It wasn’t that long ago that the proprietor of the local general store provided personalized service to his customers by interacting with them and knowing their needs. He could do this because he was part of the community. He heard about their lives because he chatted with them and with their neighbors. He got to do this because he had their trust and in turn took care of their needs. What he didn’t do was follow them around from store to store peeking in the windows to see what else they were doing. For modern marketers, this practice is becoming an integral part of their communication strategy.
Technology makes it easy for us to track consumers online in order to make more relevant offers or to cleverly nudge them to complete a purchase they abandoned on another web page. However, there is a fine line between sending targeted offers and just plain creeping people out.
Few consumers realize the places they visit on the web can remember what items they looked at on their site, the search terms they used to find the item, and what items they compared it to. Fewer still know that via cookies, marketers can track all the sites they visit, and serve up ads to them across the web, based on browsing activity. So how do you use data in a way that helps bring the customer back but doesn’t come across like a George Orwell book?
For me, there are a few key guidelines:
- Be transparent. Recent data breaches have brought privacy concerns to front of mind for many. Don’t put the burden on the user to investigate how their data is used. Tell users what information you are collecting and how you are collecting it. Disclose that you work with third-party vendors if applicable. Use language the average person can understand, not legalese.
- Provide options. Don’t be afraid to give users control over how much personal information they share. Provide options for them to manage that information and explain how you use and share the data you collect.
- Show the value to the consumer. Don’t make it all about you. Show how you can provide a better, more personalized experience through behavioral targeting. When faced with the prospect of totally irrelevant advertising, most people feel sharing some personal information is a fair trade.

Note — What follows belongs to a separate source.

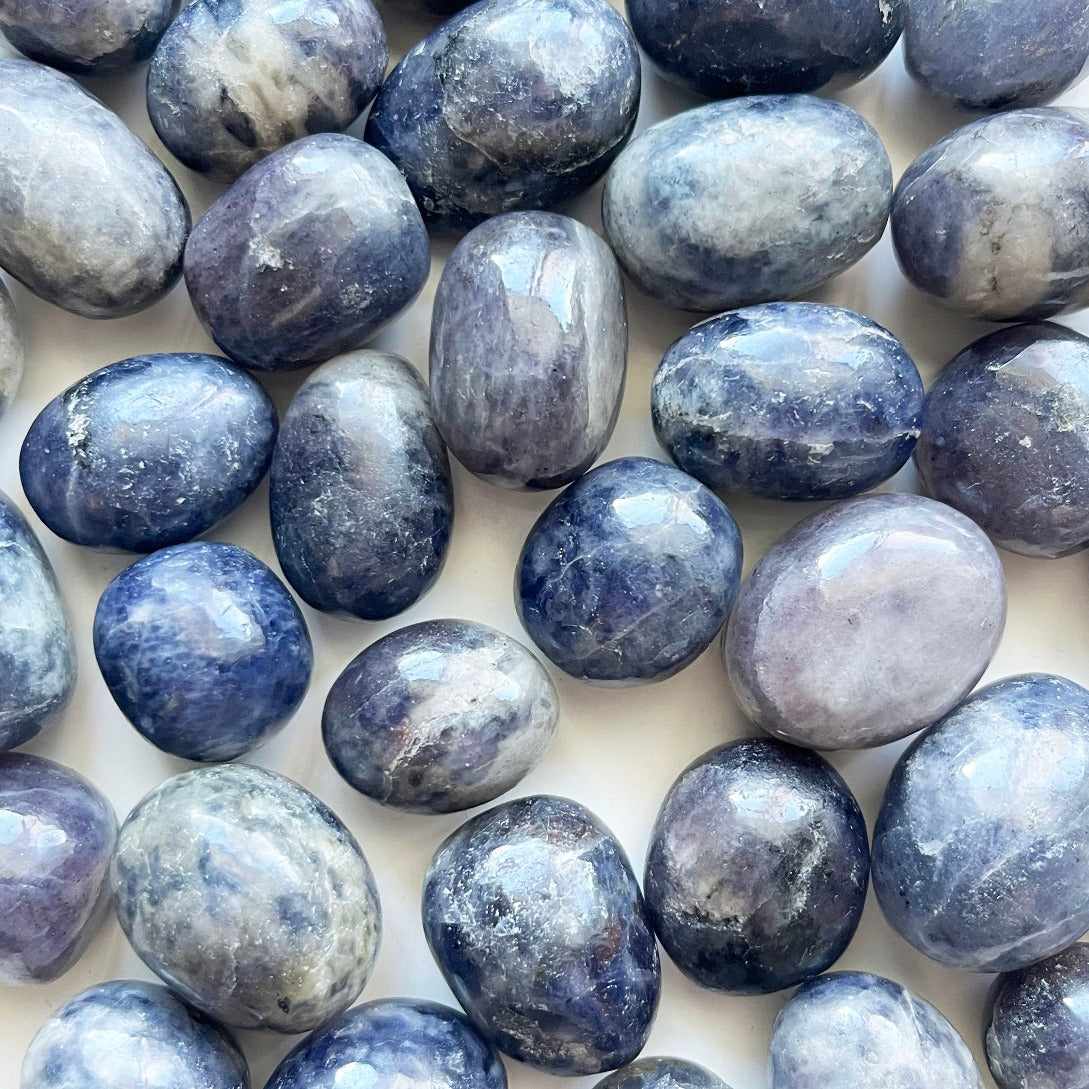 Iolite tumbled stone Australia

Paradoxically, it seems the answer to how to handle the role of technology in monitoring online behavior may be more technology. Start-ups like Personal and Singly aim to let Internet users aggregate and control what specific data is shared and what isn’t. While these companies may never gain wide visibility, the very fact of their existence should act as advance warning to smart marketers. Those that can show honesty and transparency and build trust with their customers now will come out ahead in the evolving “privacy economy.”